Sunday, October 6, 2013

Post-Class Blog - Lyotard

During last class we discussed how in Lyotard’s “What is post/modernism” piece he asks the question: Is the aim of modernism sociocultutal unity? In kind of answering this question we talked about the notion of culture and capital but also this belief in the stability of the referent (as in photography and in film) leading to the fantasies of realism. One example we touched on in class was the idea of romantic comedies portraying love stories and ending that are really not there, but we tend to borrow the understandings that we take away from them and mesh them with the understandings we have for our own life. However, just like images can be edited and photoshopped, films and movies can be tweaked and written a certain way so the events that occur in them are many times perfect, but total false realities.
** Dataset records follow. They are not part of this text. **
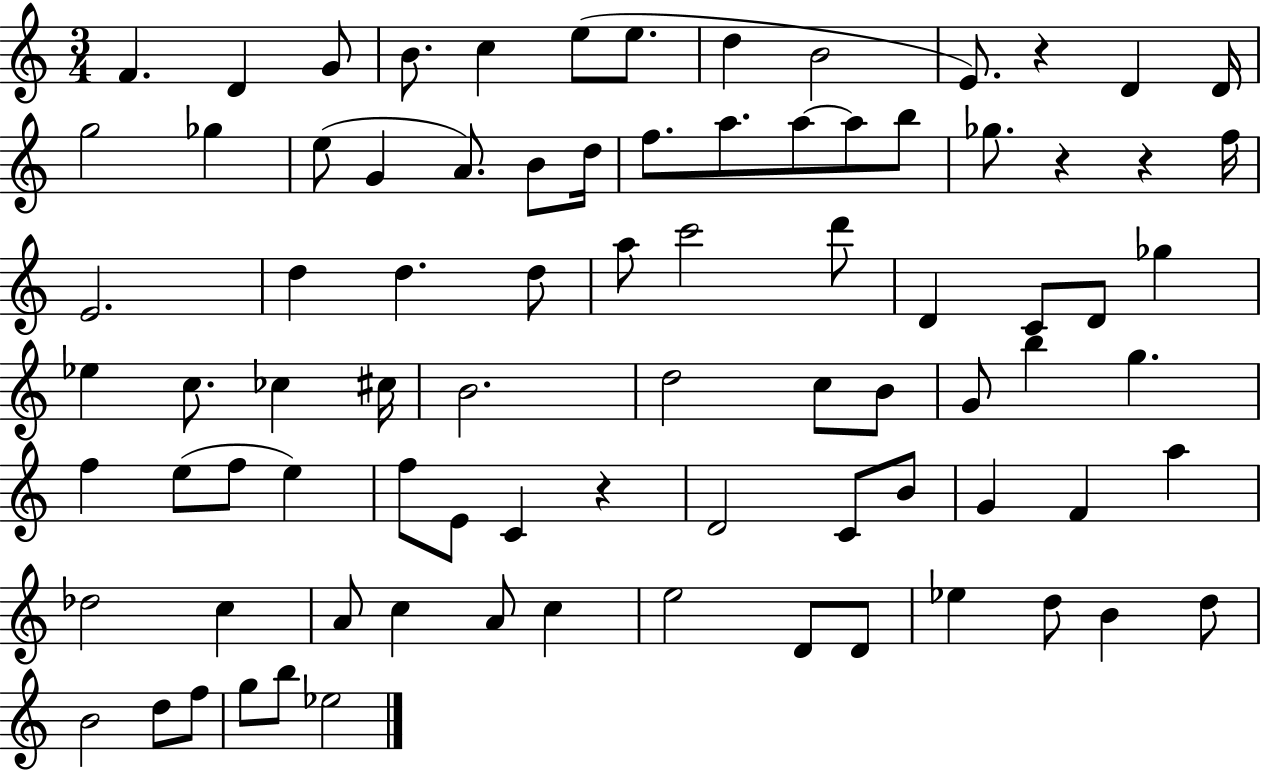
{
  \clef treble
  \numericTimeSignature
  \time 3/4
  \key c \major
  f'4. d'4 g'8 | b'8. c''4 e''8( e''8. | d''4 b'2 | e'8.) r4 d'4 d'16 | \break g''2 ges''4 | e''8( g'4 a'8.) b'8 d''16 | f''8. a''8. a''8~~ a''8 b''8 | ges''8. r4 r4 f''16 | \break e'2. | d''4 d''4. d''8 | a''8 c'''2 d'''8 | d'4 c'8 d'8 ges''4 | \break ees''4 c''8. ces''4 cis''16 | b'2. | d''2 c''8 b'8 | g'8 b''4 g''4. | \break f''4 e''8( f''8 e''4) | f''8 e'8 c'4 r4 | d'2 c'8 b'8 | g'4 f'4 a''4 | \break des''2 c''4 | a'8 c''4 a'8 c''4 | e''2 d'8 d'8 | ees''4 d''8 b'4 d''8 | \break b'2 d''8 f''8 | g''8 b''8 ees''2 | \bar "|."
}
These false realities or fantasies of realism cause a sense of destabilization within our society. The example we went over in class about movies made me think of another example of this, Disney’s town of Celebration. Although made to look like a cute, quaint, community full of Disney cheer and traditional architecture, the “perfect” neighborhood it was intended to be is far from perfect. This text was on the brochure when the neighborhood was first built in 1996: “There once was a place where neighbors greeted neighbors in the quiet of summer twilight. Where children chased fireflies. And porch swings provided easy refuge from the cares of the day. The movie house showed cartoons on Saturday. The grocery store delivered. And there was one teacher who always knew you had that special something. Remember that place?” Sounds like a perfect utopia to me…. which unfortunately does not exist. That was what Celebration was meant to be. A small-town idyll built to the Disney corporation's lauded high standards. It would be imbued with nostalgia for the old-time America, and it would capture the sense of community that Walt Disney spent his whole life trying to distil, bottle and sell. Since being built, the neighborhood has faced crime, at least two deaths, and multiple foreclosures because once in this utopia, they realize they cannot afford it. That’s the reality of Celebration, Florida. Sad, but true.